Крах индустрии потребления бьет не по модным кутюрье. Эти как-то переживут спад продаж. Страдает низовое звено: швеи, продавцы, работники всех тех сфер, от которых можно отказаться. И это очень серьезный рикошет смены вектора социальных предпочтений.
Есть и еще один момент, который можно назвать прививкой от движения. Предсказывают, что начнет «схлопываться» туризм. Слишком много людей оказались в чужих странах без денег и помощи от своих правительств. Их заставляли оплачивать свою дорогу домой втридорога да еще подвергли обсервациям и унижению по прибытии. Многие подумают: «Ну его, этот туризм, все можно увидеть в интернете, лучше посмотрю виртуальные экскурсии, сидя с пивом на диване”. Что это означает? Производители пива выиграли, туристический сектор пострадал.
Но даже те, кому по карману частный самолет, могут перестать перемещаться и превратиться в затворников. Не из опасения просидеть неделю в аэропорту, а из страха перед новыми формами чудовищных вирусов, убивающих все живое. Не успели мы свыкнуться с коронавирусом, как появился смертельный мышиный вирус, от которого уже умирают. Будем рисковать или ну его?
В то же время проблемы с транспортом подтолкнули многих к мысли о покупке автомобиля. Хотели, деньги откладывали, но сомневались. Теперь стало ясно, что человек без машины – заложник государства. Ты не доедешь ни до больницы, ни до банка, ни до мамы в селе, ни до тещи на другом конце города, а ей нужна помощь, продукты, она едва ходит.
Поэтому машина снова становится не роскошью, а средством передвижения. В автосалонах, которым на второй неделе карантина тихо разрешили открыться, нет недостатка в покупателях. Прогноз на серьезный автопром, видимо, не подтвердится в перспективе.
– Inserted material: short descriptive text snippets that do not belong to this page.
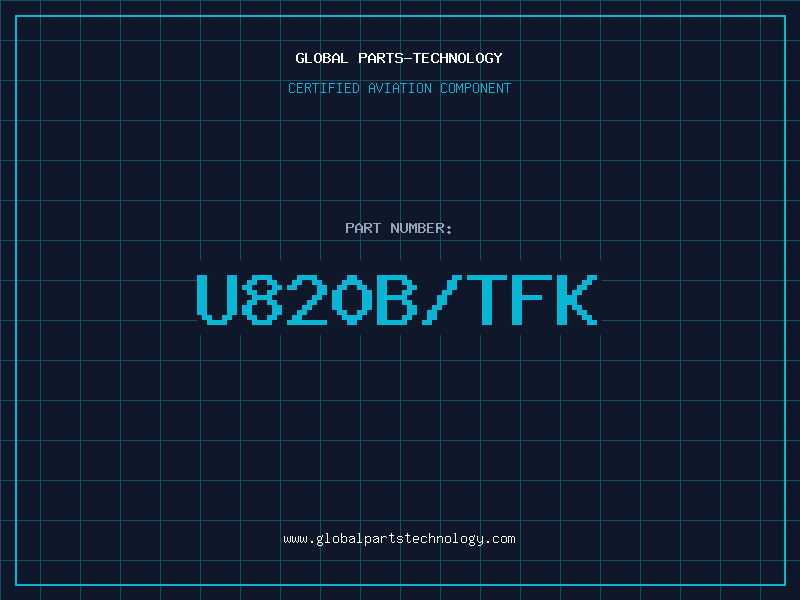 Aviation Part u820b/tfk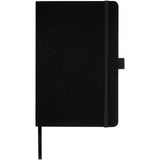 Blocco note A5 in carta riciclata con cover in PET riciclato Honua personalizzato con logo - Pubblienne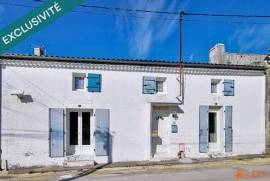 Maison charentaise rénovée – calme et charme à 5 km des plages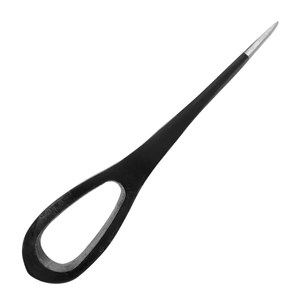 Gtypro Carbon Cao 45 Thép Rìu Với Đánh Bóng Đầu Gỗ Bền Xử Lý Lớp Phủ Màu Đen Cho Gỗ Cắt - Product Image 5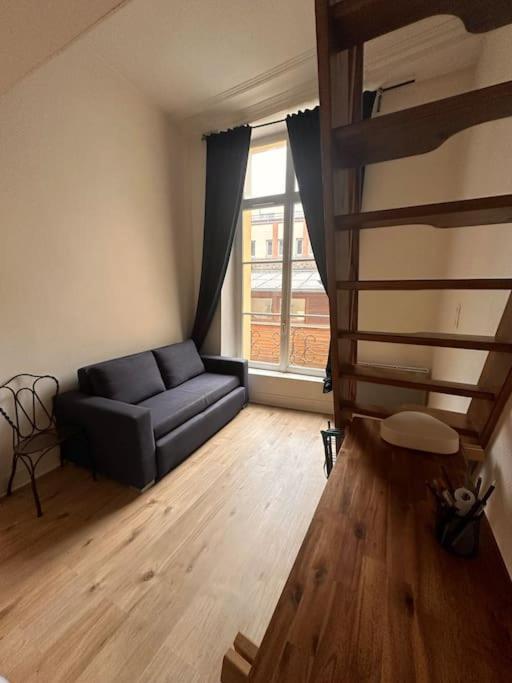 Charmant appartement de 38m² -Quartier Latin - Apartment mit 1 Schlafzimmer - 7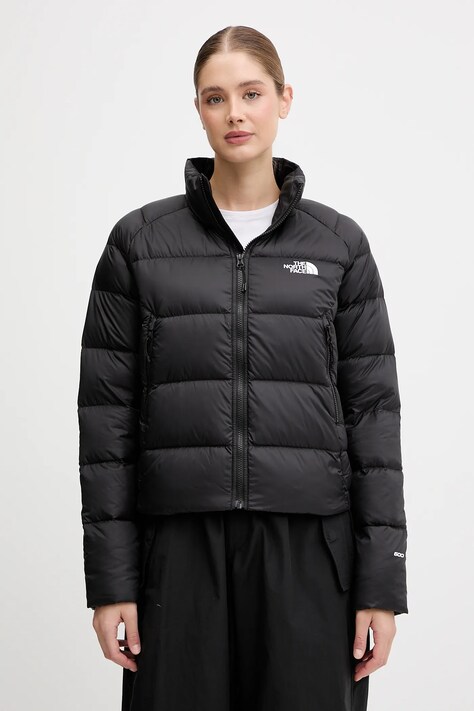 The North Face geacă de puf Hyalite culoarea negru, de iarnă, NF0A8E73JK31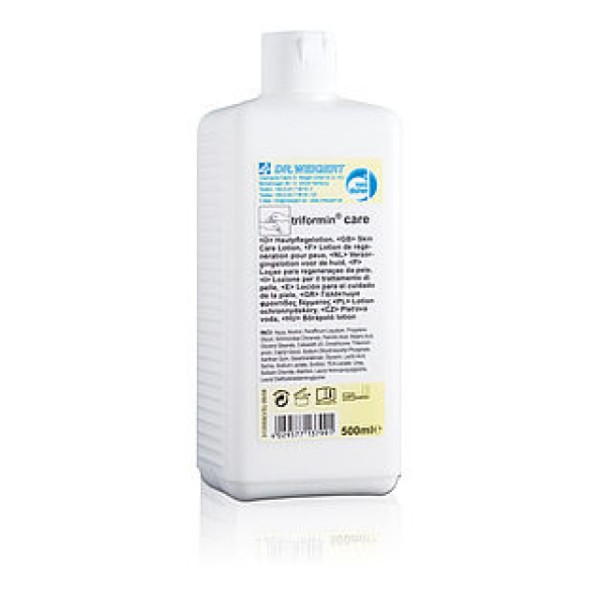 Hautpflegelotion DR WEIGERT triformin
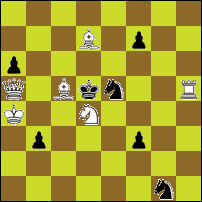 Шахматная задача №60476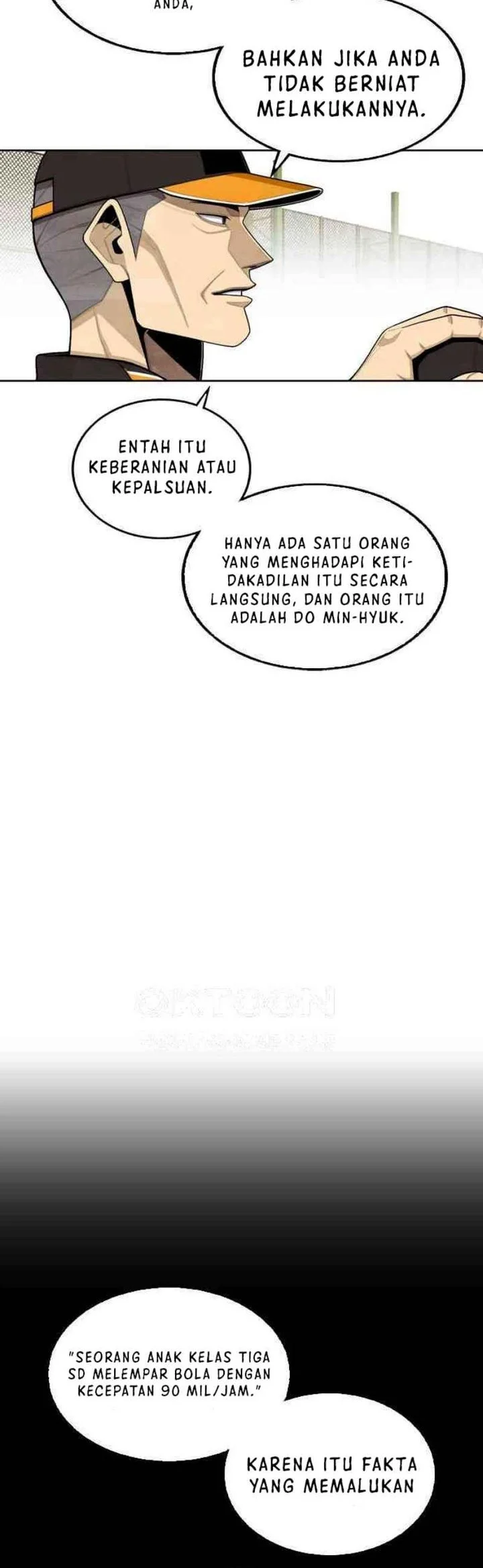 Not Over Chapter 17 Gambar 30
Плохо жить без парикмахерских (скоро обещают открыть), центров обслуживания мобильной связи (работают), магазинов “все для дома” (тоже разрешили не закрываться) и мастерских по ремонту всякой всячины. А тут пока глухо. Сфера бедная. Не “занесли”.
Мы не можем починить обувь, зато интернет у нас работает и вся система цифровых технологий, включая банковские тоже. Поэтому избыточное потребление никуда не исчезает, а смещается в сферу цифровизаций и автоматизаций. Толстые, скучные, но с гаджетми и холодильником – это мы после вируса. Зачем нам красивые вещи? И даже красивый внешний вид? Ведь как показал опыт жизни на карантине, на это действительно не так обращают внимание, как мы себе нарисовали. Прощай эра вещизма и да здравствует пофигизма!